Although Alice Munro has generally retired from writing, her fiction has continued to inspire literary scholars to produce new exegeses of her work. Every year in the past decade has witnessed the publication of new scholarly books on Alice Munro's art of fiction, and countless articles in journals in different parts of the world. The most recent book-length studies include, apart from Space and Place in Alice Munro's Fiction: "A Book with Maps in It," two other collected volumes: Alice Munro's Miraculous Art: Critical Essays, edited by Janice Fiamengo and Gerald Lynch (2017) and Alice Munro and the Anatomy of the Short Story, edited by Oriana Palusci (2017). More books and articles are certainly in the making or already in print. Alice Munro has become part of the literary heritage not only of Canada but also of Europe, as the anthology reviewed here demonstrates.

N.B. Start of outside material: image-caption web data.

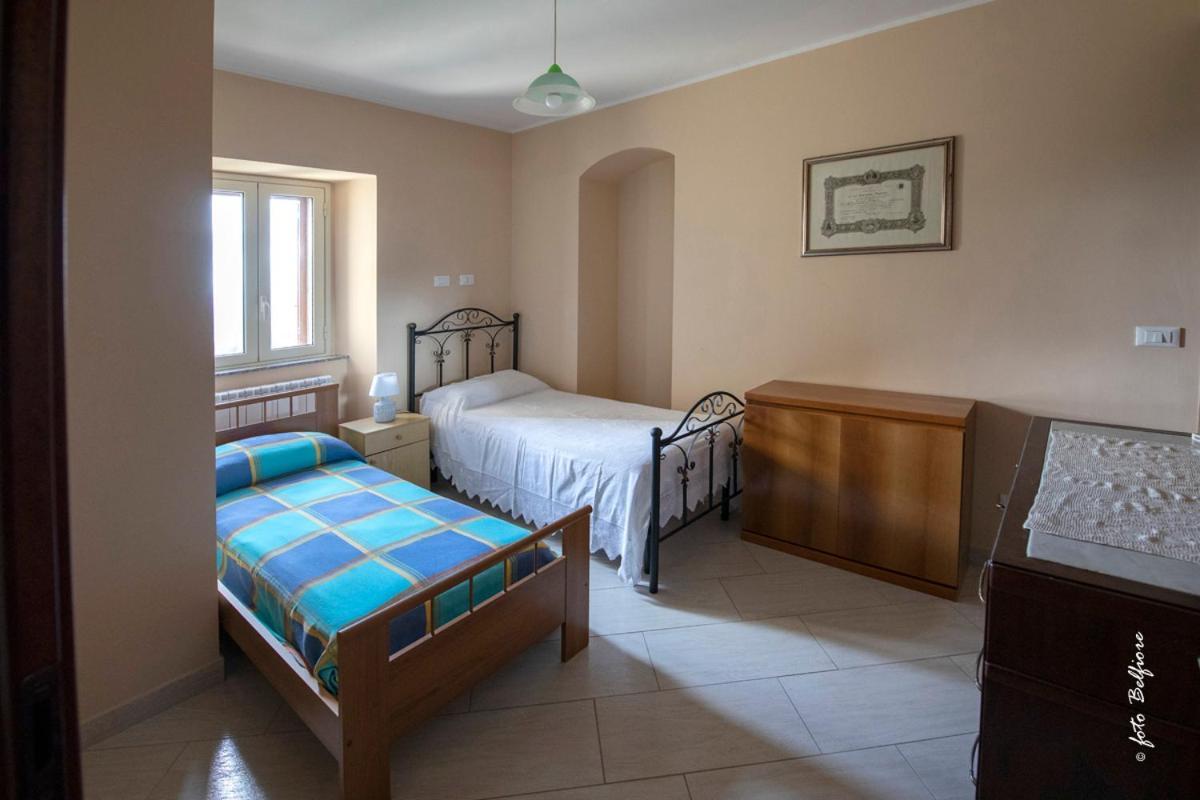 B&B "Nonna Maria"-Montalbano Elicona Exterior foto
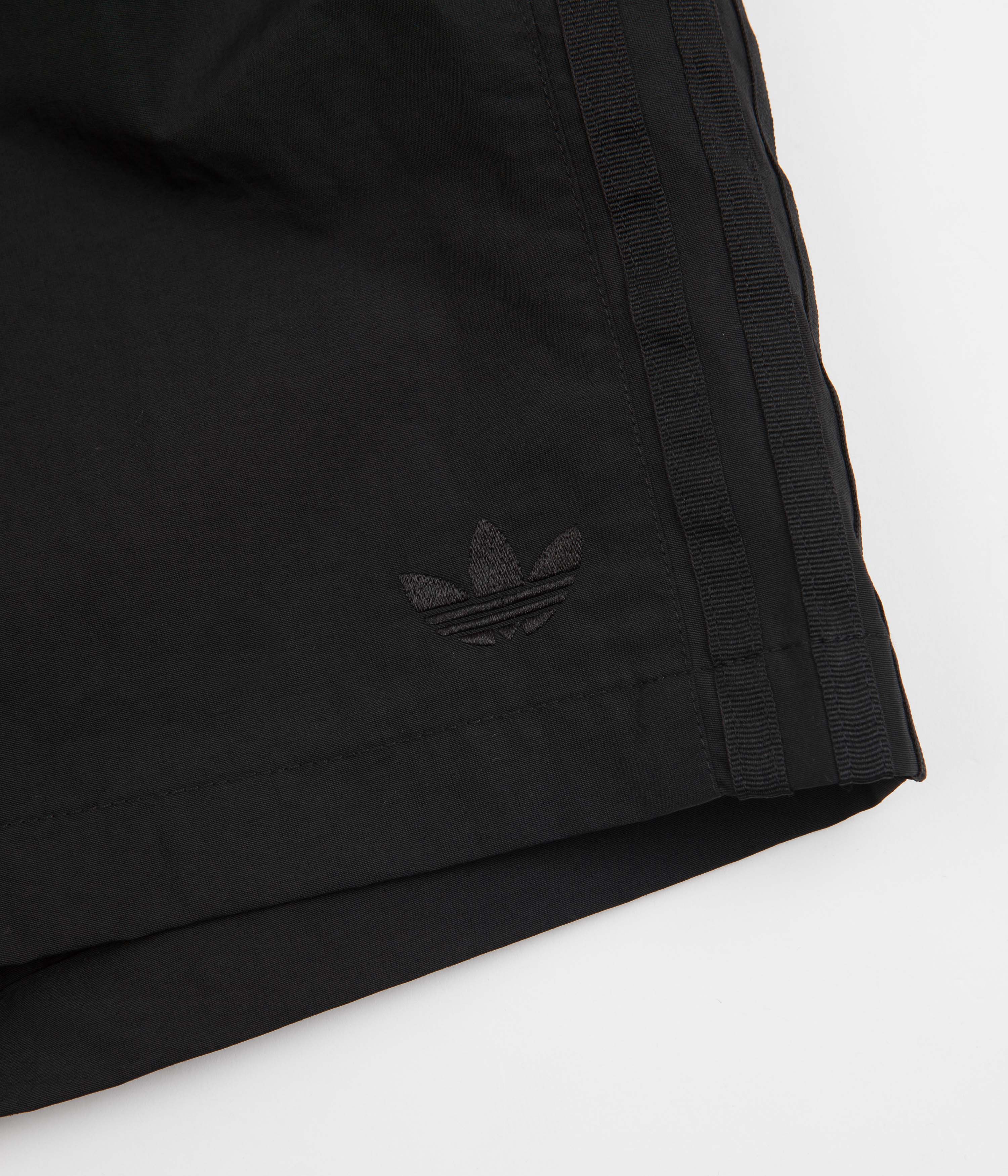 Adidas Men's Quick-Dry Swim Shorts - Black - Comfortable & Lightweight for Swimming, Beach & Gym Workouts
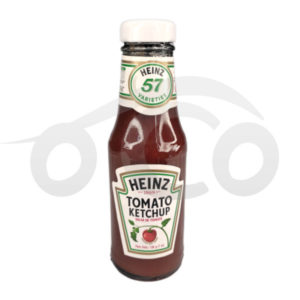 KETCHUP (SALSA DE TOMATE) HEINZ (198 Gr x 24)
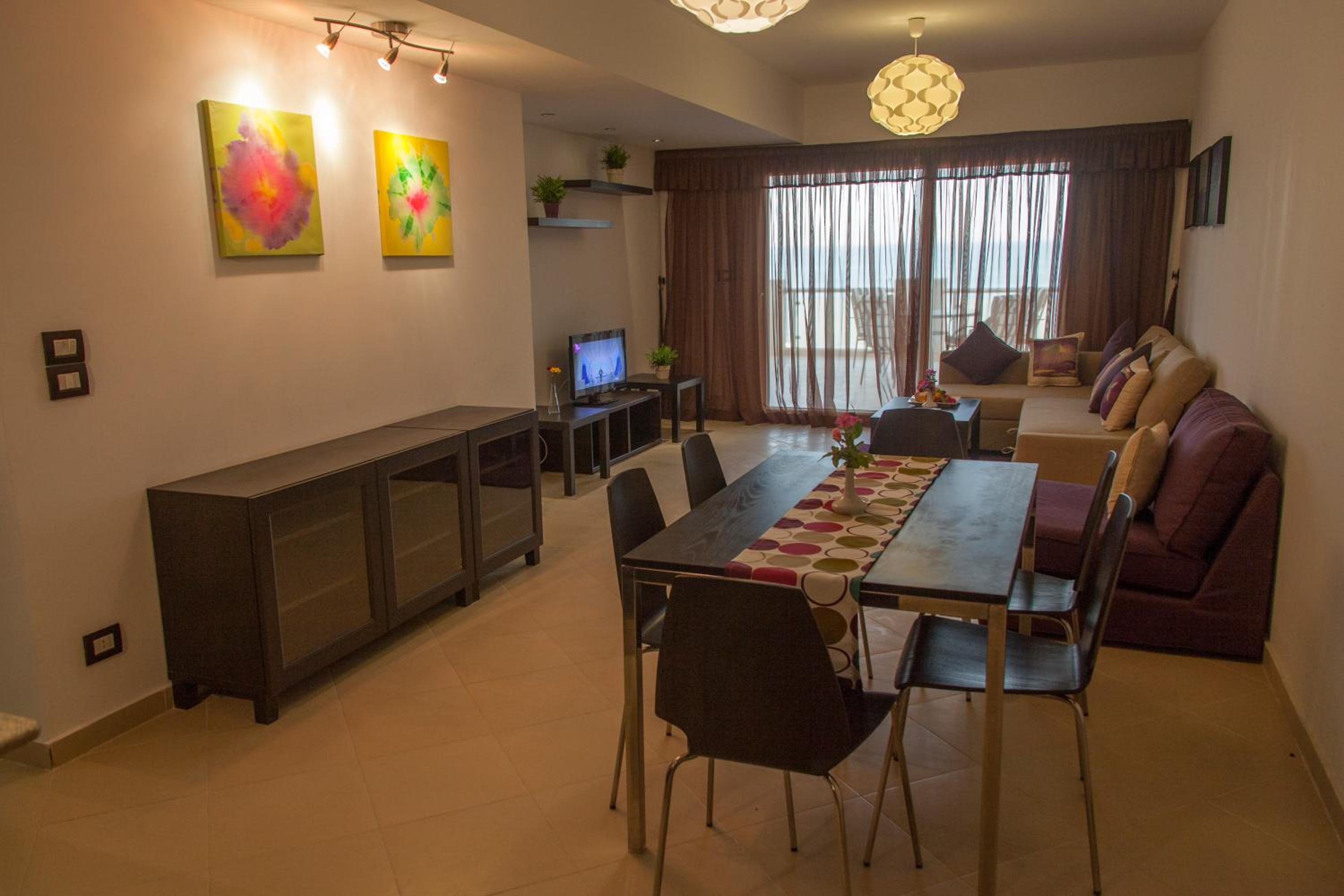 Deluxe Suite with Sea View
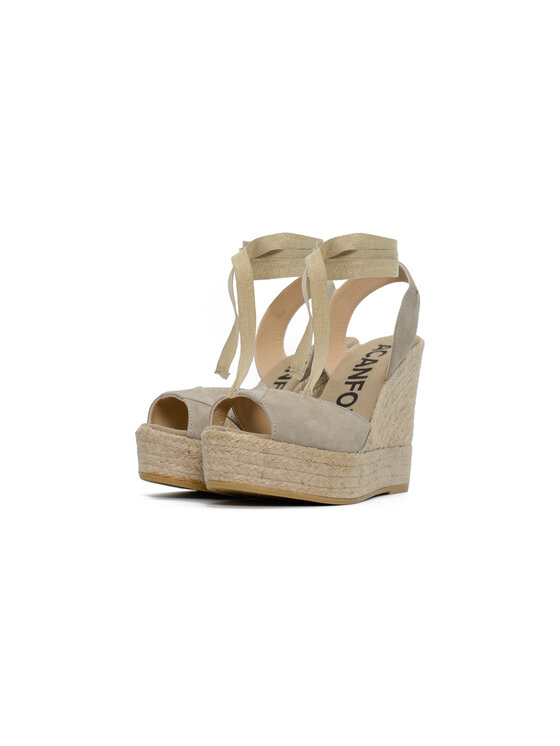 ACANFORA ACANFORA Espadrillas 11559205-KAN Beige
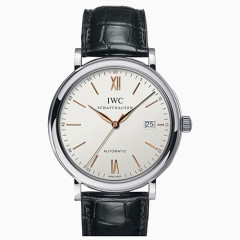 IWC万国柏涛菲诺系列自动手表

The main aims of Space and Place in Alice Munro's Fiction are to reconceptualize the notions of space and place in Munro's fiction and to read her stories in the light of spatial theories (9). The book grew out of two sessions at the conference of the European Society for the Study of English in Istanbul in September 2012 (ix). Although only roughly one-third of the contributions were first presented at that conference, the project shows that books of this kind benefit from such frameworks of academic cooperation. Participants in conferences speak to other scholars in the room, but since university venues are familiar places for students too, the most dedicated prospective scholars may also choose to participate in exchanges of ideas. Hence, books such as Space and Place in Alice Munro's Fiction may find grateful readerships not only in experienced Canadianists, and especially Munrovians, but also among the younger generation of readers and scholars.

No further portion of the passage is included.